Start of Available data

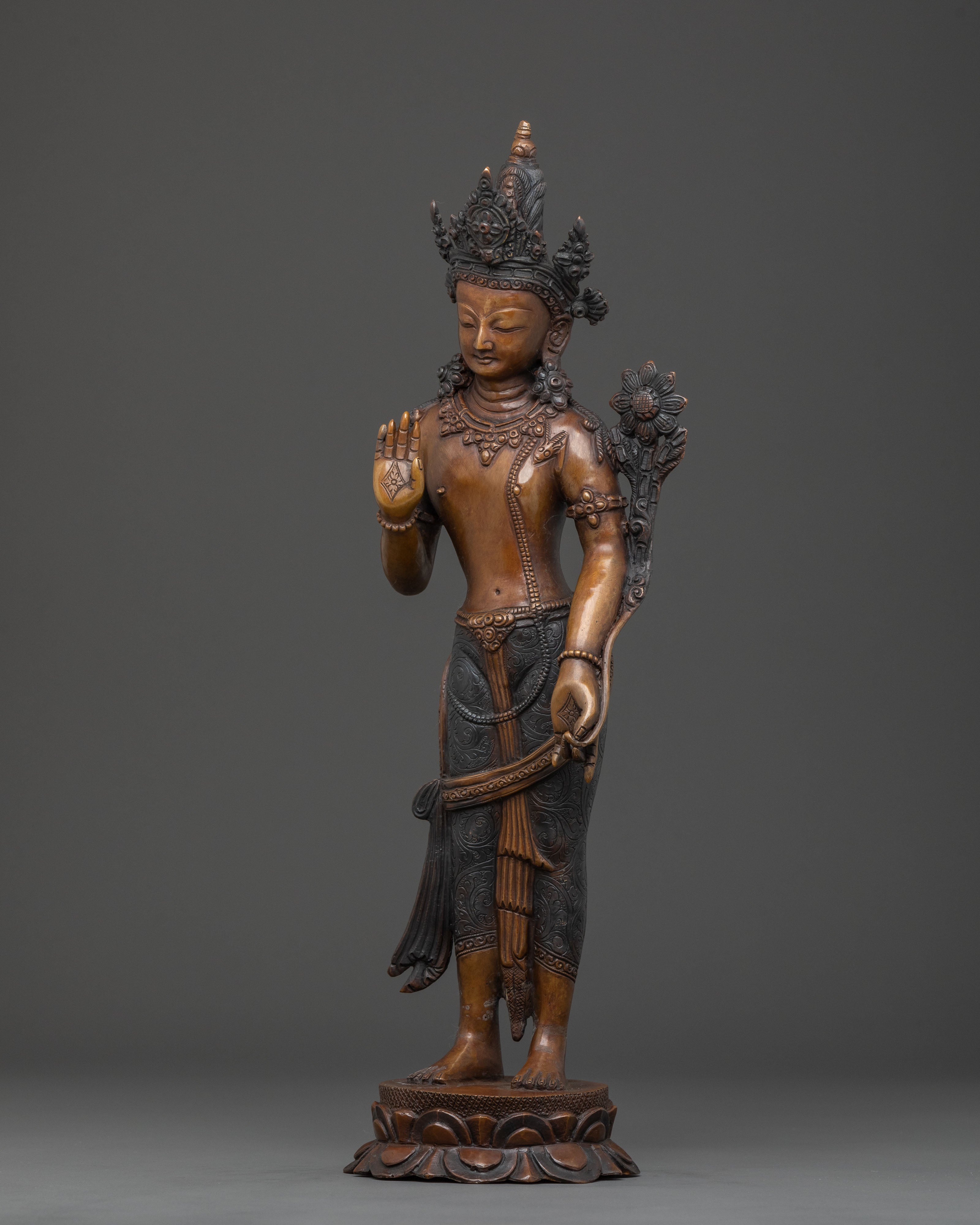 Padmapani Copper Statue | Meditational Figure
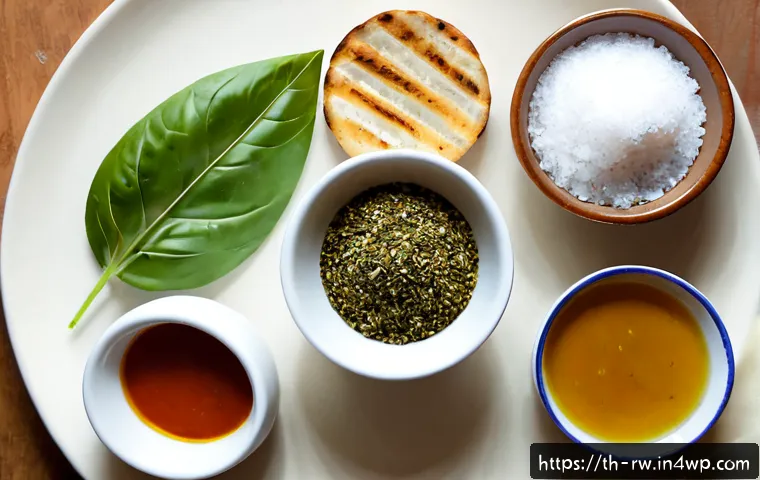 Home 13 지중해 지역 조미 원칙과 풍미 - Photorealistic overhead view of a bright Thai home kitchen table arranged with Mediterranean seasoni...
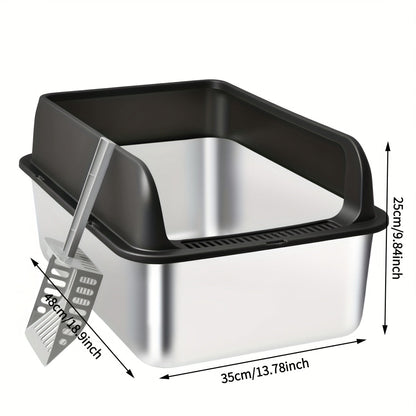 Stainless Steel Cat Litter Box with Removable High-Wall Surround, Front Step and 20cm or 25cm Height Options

End of Available data
Start of Available data

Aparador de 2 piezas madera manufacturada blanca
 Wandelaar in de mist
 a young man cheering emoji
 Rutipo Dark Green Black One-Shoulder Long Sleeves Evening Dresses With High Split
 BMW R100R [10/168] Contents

End of Available data

### Work instruction
Within the listing above, the stretch from the line with "Padmapani Copper Statue" down to the line with "Home 13 지중해" is to be given again exactly, end lines included and pictures excluded.

### Expected answer
 Padmapani Copper Statue | Meditational Figure
 Home 13 지중해 지역 조미 원칙과 풍미 - Photorealistic overhead view of a bright Thai home kitchen table arranged with Mediterranean seasoni...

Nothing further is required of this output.